While Spain is trying hard to dispel its reputation as a more relaxed European Union member, one Spanish man is trying to save the tradition of siesta, capitalist style.

Thanks to entrepreneur Frederico Busquets, people can now purchase sleep in one of his 20 Masajes a 1.000 stores. The idea came to him three years ago in Barcelona after he noticed people dozing on park benches, in cars and on the Metro. He decided to help out his fellow Spaniards by offering victims of cropped lunch breaks a McDonald's-style version of the siesta: a five-minute massage and a half-hour nap for 1,000 pesetas (about $5.50).

Acknowledging that siesta is no longer a time for family bonding, Busquets has redefined the siesta in accordance with corporate needs.
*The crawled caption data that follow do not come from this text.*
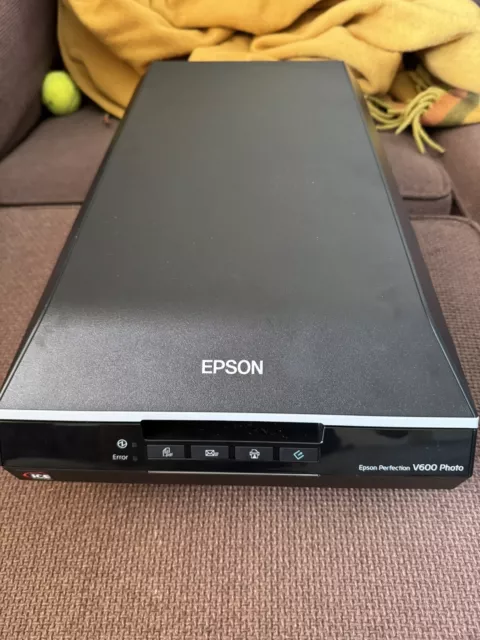 Epson Perfection V600 Home Photo Scanner  “FAULTY”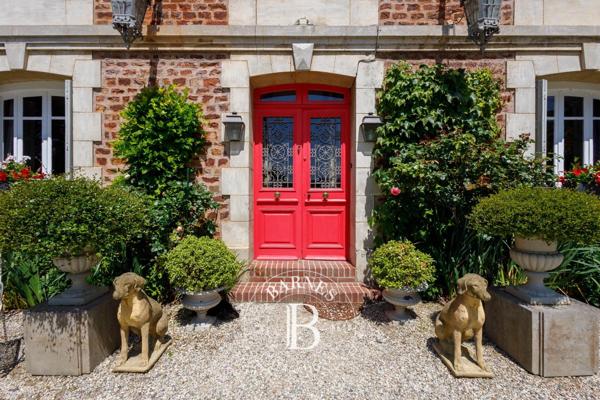 Tourgéville, Propriété 8 Chambres -  330 m² à vendre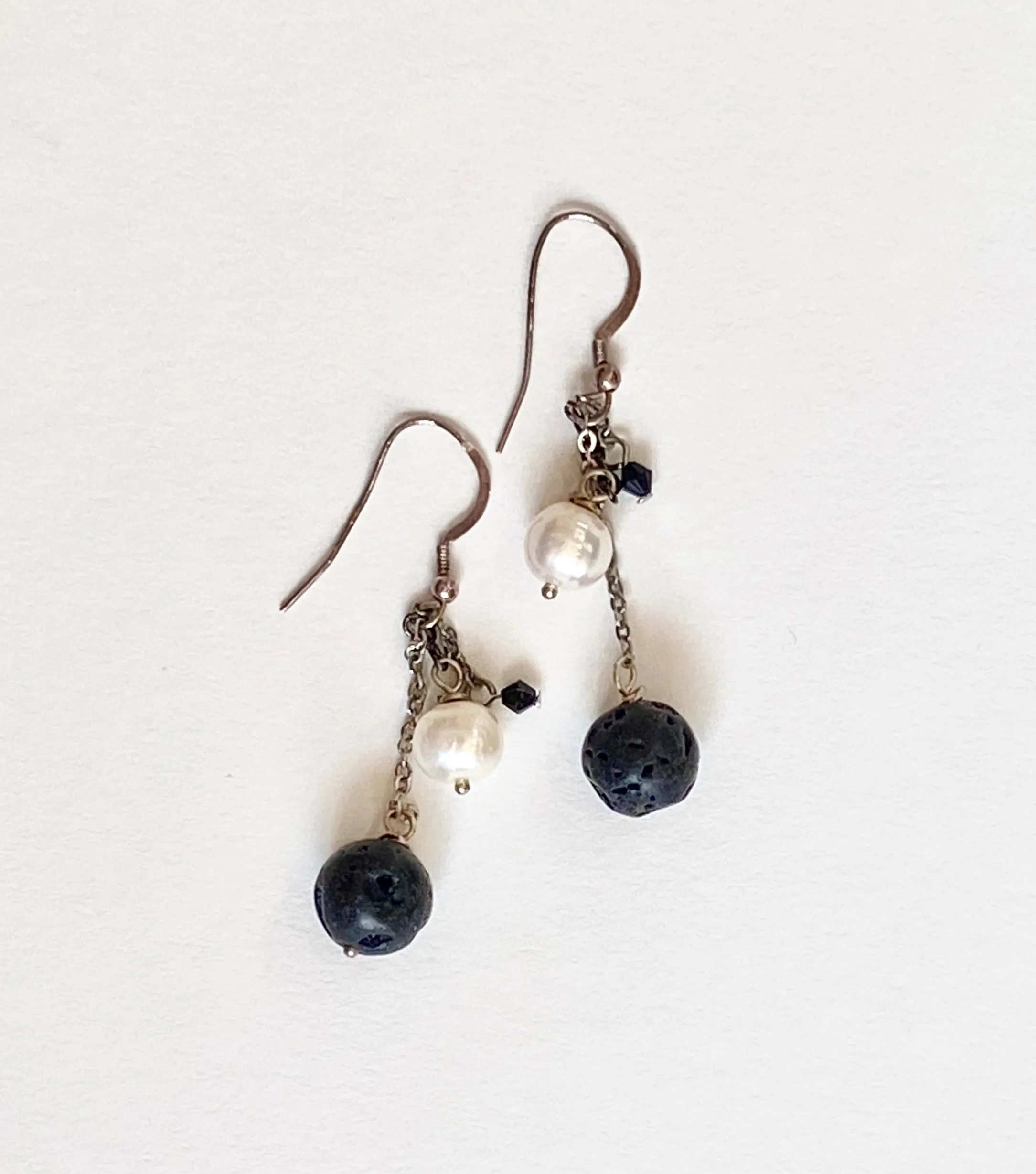 VOLCANO PEARL EARRING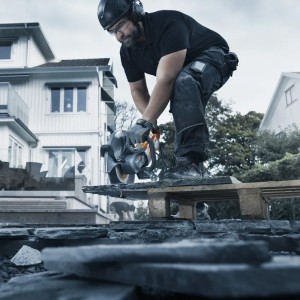 Elektrischer Handschneider Husqvarna K4000 mit Trennscheibe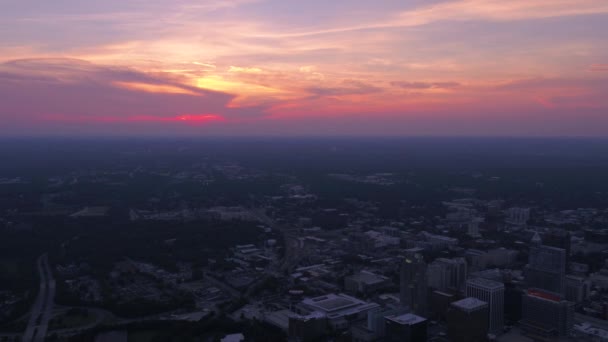 Luftbild Der Innenstadt Von Raleigh North Carolina Bei Sonnenuntergang — Stockvideo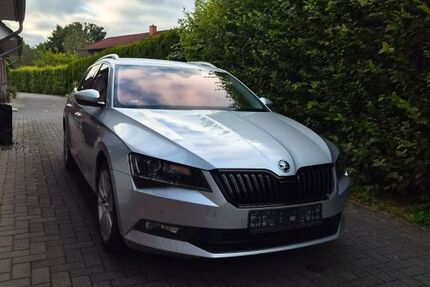 Skoda Superb 178.626 km 13.650 &euro; Oldenburg 26125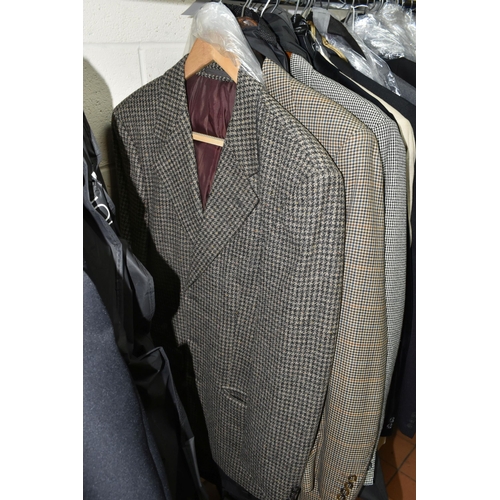 418 - A GROUP OF MEN'S HIGH STREET SUITS AND JACKETS to include approximately twenty-eight suits from UK h... 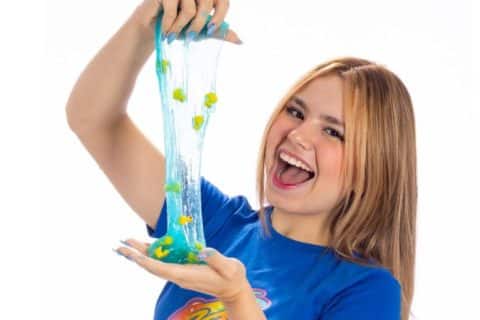 Influencer Mirim Inaugura Espaço de Slime Temático em Shopping de Curitiba Atraindo Multidão de Fãs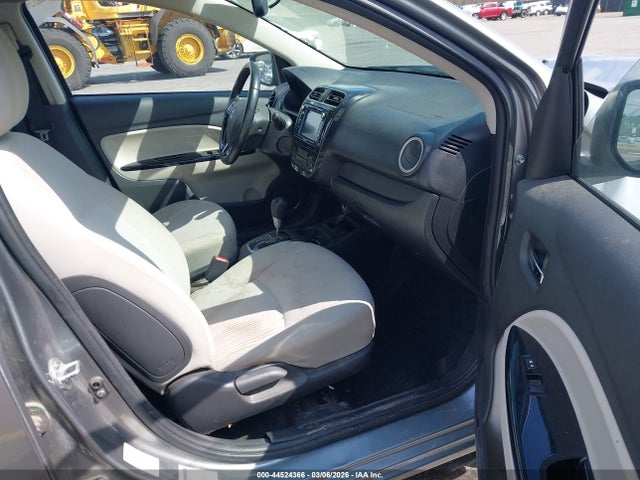 2018 MITSUBISHI MIRAGE G4 ML32F4FJ5JHF05975 Photo 4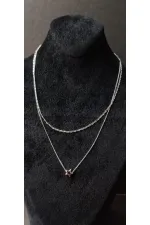 Collier à double chaîne en forme d'étoile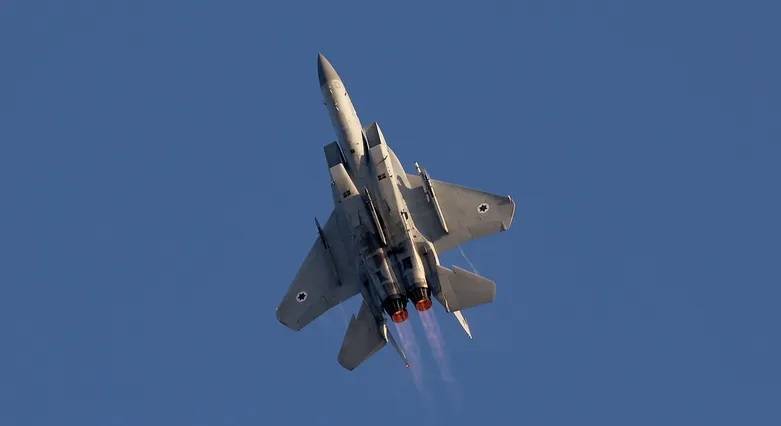 Accidental Missile Drop by Israeli Fighter Jet on Settlement in Gaza
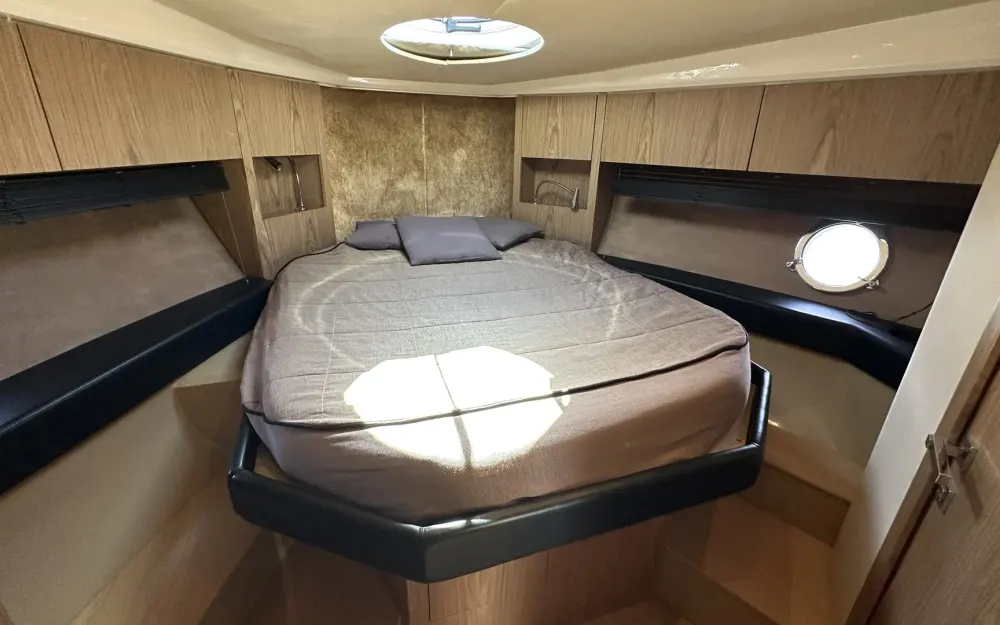 slider 12 Sessa Marine C43 Hard-Top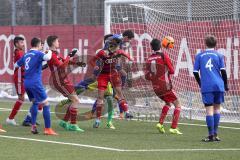 Testspiel - U15 - FC Ingolstadt 04 - SpVgg Kaufbeuren - Ecke Kopfball in der Mitte Benjamin Gärtner (FCI 19)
Masajes a 1.000 customers span the workforce: lawyers, bankers, doctors, hairdressers and restaurant employees. Reclining in an ergonomic chair in a semidark room, listening to ambient music, these once-closeted nappers make siestas fit into their busy lives.

The company is expanding quickly, with two new stores opening in Madrid and one in Seville this year. It's also planning to open stores in Venezuela.

Could something like Masajes a 1.000 arrive soon at a minimall near you? It seems unlikely. Even while sleep researchers ratchet up the gruesome toll that our negligent dozing habits are taking on our citizenry, there are no signs that Americans are slackening their work hours. According to economist John Schmitt, coauthor of "The State of Working America 1998-1999" from the Economic Policy Institute in Washington, middle-income families spent 246 more hours per year at work in 1998 than in 1989.